This is a deeply impressive novel. It is exquisitely crafted: the pace is measured, but sure; the metaphors are used delicately; and the control over perspective (shifting between first person, tight third person, and loose present-tense third person for the three different timelines) is both absolute and absolutely necessary to the emotional arc being told. It is a novel to mull over, savor.
It is also an incredibly intense experience, or at least it was for me. I read it slowly partly so that I could admire Griffith's work, but mostly because reading it for more than half an hour at a time left me introspective and melancholy. There is a great deal of pain in the novel, and the carefully distanced prose makes it all the easier for the reader to fill in the blanks. For all the science fiction trappings (and they are many, from the cyberpunk-ish (but mostly irrelevant) identity hacking to the bioremediation science that furnishes much of the plot and much of the imagery) this story is about trauma, and surviving trauma, and then surviving your survival tactics. It's about ethics, and class, and identity, and monsters that come in human shape. It's vaguely dystopian without being political, and it's about corporate espionage while refusing to forget that corporations are anything but faceless.

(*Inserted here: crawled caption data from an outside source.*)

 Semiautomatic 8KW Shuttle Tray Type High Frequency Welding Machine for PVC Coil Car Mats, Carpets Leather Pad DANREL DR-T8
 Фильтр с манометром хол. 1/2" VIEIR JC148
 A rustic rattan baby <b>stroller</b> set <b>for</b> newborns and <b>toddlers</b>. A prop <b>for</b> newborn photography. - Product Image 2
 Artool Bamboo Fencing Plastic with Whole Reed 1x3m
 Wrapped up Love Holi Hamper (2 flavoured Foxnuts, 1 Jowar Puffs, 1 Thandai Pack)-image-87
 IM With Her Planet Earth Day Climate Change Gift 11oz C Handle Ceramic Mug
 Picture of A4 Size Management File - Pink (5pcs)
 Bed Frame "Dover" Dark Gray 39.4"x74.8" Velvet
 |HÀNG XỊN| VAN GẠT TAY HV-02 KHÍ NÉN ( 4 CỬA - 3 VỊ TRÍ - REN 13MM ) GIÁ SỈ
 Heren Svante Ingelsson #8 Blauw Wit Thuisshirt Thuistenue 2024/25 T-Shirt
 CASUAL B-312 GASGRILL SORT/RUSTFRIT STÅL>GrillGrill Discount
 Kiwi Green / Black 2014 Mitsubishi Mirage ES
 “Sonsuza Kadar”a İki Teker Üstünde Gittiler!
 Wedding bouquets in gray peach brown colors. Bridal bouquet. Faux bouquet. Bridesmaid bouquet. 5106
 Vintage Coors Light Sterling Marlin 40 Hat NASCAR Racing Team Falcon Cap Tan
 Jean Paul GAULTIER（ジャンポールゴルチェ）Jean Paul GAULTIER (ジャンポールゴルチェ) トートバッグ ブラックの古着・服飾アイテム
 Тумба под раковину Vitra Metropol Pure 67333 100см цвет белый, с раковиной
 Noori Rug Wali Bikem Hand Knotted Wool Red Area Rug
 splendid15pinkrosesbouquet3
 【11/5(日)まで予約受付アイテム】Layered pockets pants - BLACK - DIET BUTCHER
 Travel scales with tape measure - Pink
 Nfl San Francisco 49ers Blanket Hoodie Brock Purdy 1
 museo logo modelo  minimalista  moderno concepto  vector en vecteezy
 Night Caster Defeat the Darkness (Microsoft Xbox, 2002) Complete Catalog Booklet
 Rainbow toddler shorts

I can't say I loved the book; it was far too emotionally hard for that. It left me unsettled and totally drained, and I don't know that I would ever read it again. But I will certainly be picking up everything else Griffith ever writes.
This gritty and beautiful book should become a cult classic if it is not already. The author does you the kindness of assuming you know how this future world works, and skips the nerdy explanations to jump right into an intriguing spy/detective story. Total immersion into a polluted future that is centered around the world's water supply, told from the perspective of a gay rich girl who is forced to become someone else. I am not sure I will swap this out before I read it another time.